The room had the classic church basement feel—low ceiling supported by strategically placed columns, scattered metal folding chairs. Scott and I stood with a paper plate of danish slices and almond pound cake in one hand and a Styrofoam cup of coffee in the other and surveyed the room. “Where to sit?”—it was always the question. Where was the best place to break in to the space of those already in knowing conversation? We spied two empty chairs and pulled ourselves up to the table. To one side was a burly large man in late-middle-age whose accent told me he was a long-time local. Across from me sat an elderly man, with the thin cord of a hearing aid snaking out of his ear, and a smile that spread across the width of his face. He wore a brown tweed jacket, and I couldn’t help but think how much Scott would love a jacket like that, particularly if it included elbow patches. 
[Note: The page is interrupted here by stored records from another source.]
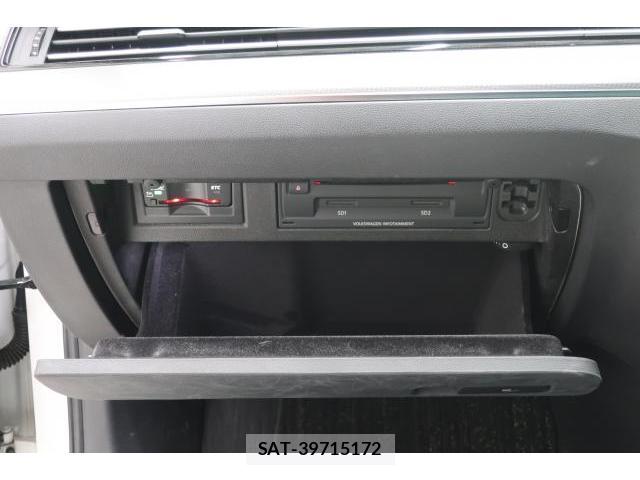 VolksWagen PASSAT VARIANT 2016-11 7793197-13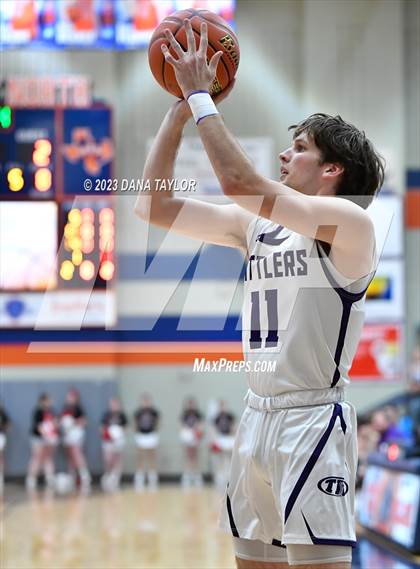 Thumbnail 3 in  Sam Rayburn vs. Tolar (UIL 2A Region II Semifinal) photogallery.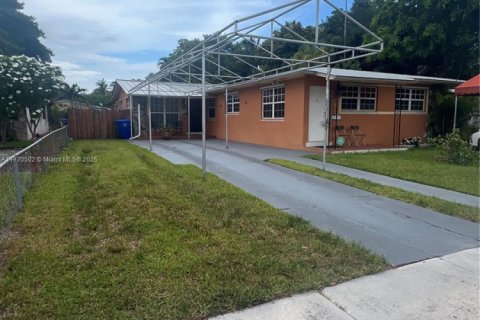 Commercial property in Miami, Florida 231.51 sq.m. № 1811824 - photo 2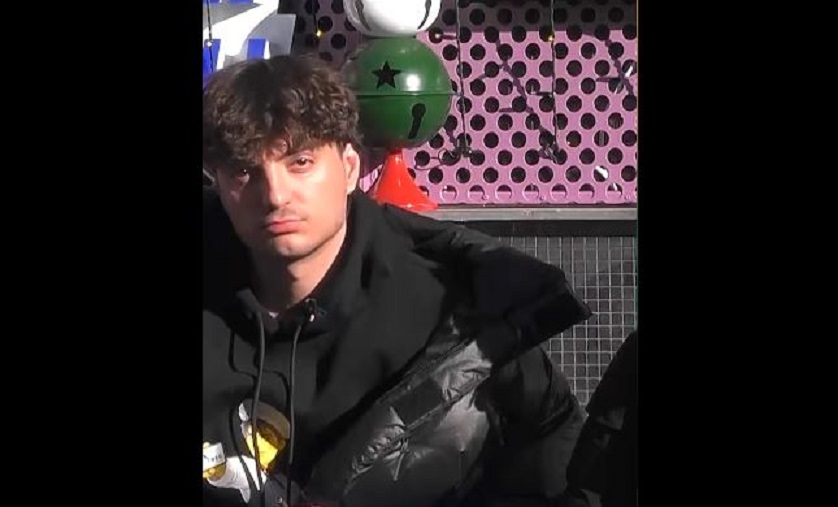 Labinoti shprehet me banorët  Ndikohem shumë nga energjitë  VIDEO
The man in the tweed jacket, Ralph, told us about his childhood home in Nova Scotia, about his children and grandchildren, about his career. It turns out they used to use the same type of turbo engine for electricity production that Scott now helps to create. He proudly told us this year he would celebrate 62 years of marriage with his wife. The secret?—”Always say yes,” he told us with a chuckle. When he gave a nod in his wife’s direction across the room, my eyes follow his gesture to see a horseshoe of elderly women seated along the back and side of a long folding table, strategically positioned to eye up the room. I realized then we had plopped ourselves down at what was clearly the “men’s table.” Oops. 

We had such a delightful conversation, and our new friend Ralph had some interesting stories to tell. It’s in moments like this that I’m reminded of the beauty of fellowship that spans the generations and of the dignity of having someone to listen to your stories.